WAPPEN VON HÜLEN
Am Nordrand des Härtsfelds zum Jagsttal hin ragt auf einem vorspringenden Bergsporn die Kapfenburg heraus. Römische Reste, deren nähere Umstände unbekannt sind, sollen auf eine Entstehungszeit in dieser Epoche hinweisen, eher kommt hierfür aber das Frühmittelalter in Betracht, als im Jagsttal direkt unter der Kapfenburg damals eine sehr bedeutende alamannische Siedlung in der Flur "Mittelhofen" lag.
Zu dieser Zeit waren jedoch Herrschaftsburgen auf Felskuppen noch nicht die Regel, man bevorzugte größere Flächen, die dann auch als Volksburgen genutzt werden konnten. Vermutlich erfolgte die Gründung der Kapfenburg erst zur salisch-staufischen Zeit, als die herrschenden Schichten befestigte Punkte in der Höhe suchten. Von der Kapfenburg aus, konnte das gesamte obere Jagsttal beobachtet und damit auch kontrolliert werden. Der Name der Kapfenburg leitet sich von dieser exponierten Lage ab, hier konnte man "kapfen", also Ausschau halten.

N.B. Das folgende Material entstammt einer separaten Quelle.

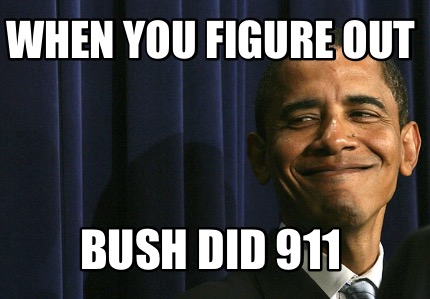 when-you-figure-out-bush-did-911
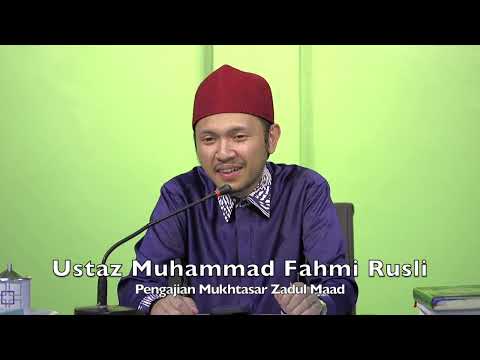20221215 Ustaz Muhammad Fahmi Rusli : Pengajian Mukhtasar Zadul Maad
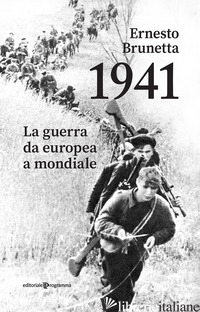 1941. LA GUERRA DA EUROPEA A MONDIALE - BRUNETTA ERNESTO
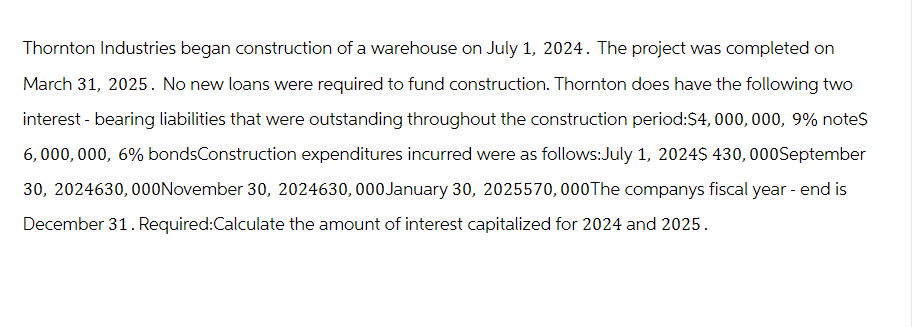 Thornton Industries began construction of a warehouse on July 1, 2024. The project was completed on
March 31, 2025. No new loans were required to fund construction. Thornton does have the following two
interest - bearing liabilities that were outstanding throughout the construction period:$4,000,000, 9% note$
6,000,000, 6% bondsConstruction expenditures incurred were as follows:July 1, 2024$ 430, 000September
30, 2024630,000November 30, 2024630,000 January 30, 2025570,000 The companys fiscal year - end is
December 31. Required:Calculate the amount of interest capitalized for 2024 and 2025.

Das Wort "kapfen" hat heute noch Bedeutung im Begriff "gaffen", auch die Bezeichnung "Kopf" kann damit in Zusammenhang gebracht werden.

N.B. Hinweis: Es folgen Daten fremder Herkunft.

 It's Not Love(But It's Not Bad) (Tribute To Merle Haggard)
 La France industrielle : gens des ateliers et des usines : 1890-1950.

Die Kapfenburg wurde durch den herrschenden Hochadel errichtet, die dann ihre Gefolgsleute, die Ministerialien, einsetzten. Zur Versorgung dieser Burgbesatzung war ein in der Nähe gelegener Hof oder auch mehrere Hofstellen erforderlich.
Für diesen Siedlungsplatz bot sich nun die Senke im Tal südlich von der Burg an. Das Härtsfeld ist eine flache, leicht nach Südost geneigte Ebene, die mit kleineren Taleinschnitten mit Entwässerung zur Donau durchzogen sind. Der Untergrund besteht aus Kalkgestein, der durch die Wirkung des Wassers zum Teil gelöst wurde, es bildeten sich Spalten. Dadurch versickert leicht das Wasser, es entstanden Trockentäler. Durch die Auflösung des Kalkgesteins kam es zu Einbrüchen des Untergrunds. Diese geologischen Vorgänge sind in der Senke der Täler am ausgeprägtesten. Aufgrund der Verwitterung entstanden auch Lehmhorizonte, die für das Wasser nicht durchlässig sind. Solche wassergefüllten Vertiefungen nannte man Hülen, die somit auch die Bezeichnung für die Siedlung gab.
Mit einer Urkunde des Klosters Lorch aus dem Jahr 1235 überschrieb Heinrich von Walthusen (Waldhausen im Remstal), der in zweiter Ehe mit der verwitweten Guta von Gruwenberc verheiratet war, unter anderem auch eine "mansum zu Hülewe". Dieser Hof stammte aus dem Besitz der Frau, deshalb musste der Überschreibung an das Kloster ihr Sohn aus erster Ehe, Eberhard von Gruwenberc, zustimmen. Dafür erhielt das Ehepaar vom Kloster Lorch neben anderen Leistungen zwei lebenslängliche Pfründe. Dies ist im Grunde nichts anderes als eine Übergabe mit einer Altersversorgung, nach heutigem Begriff eine Rentenversicherung.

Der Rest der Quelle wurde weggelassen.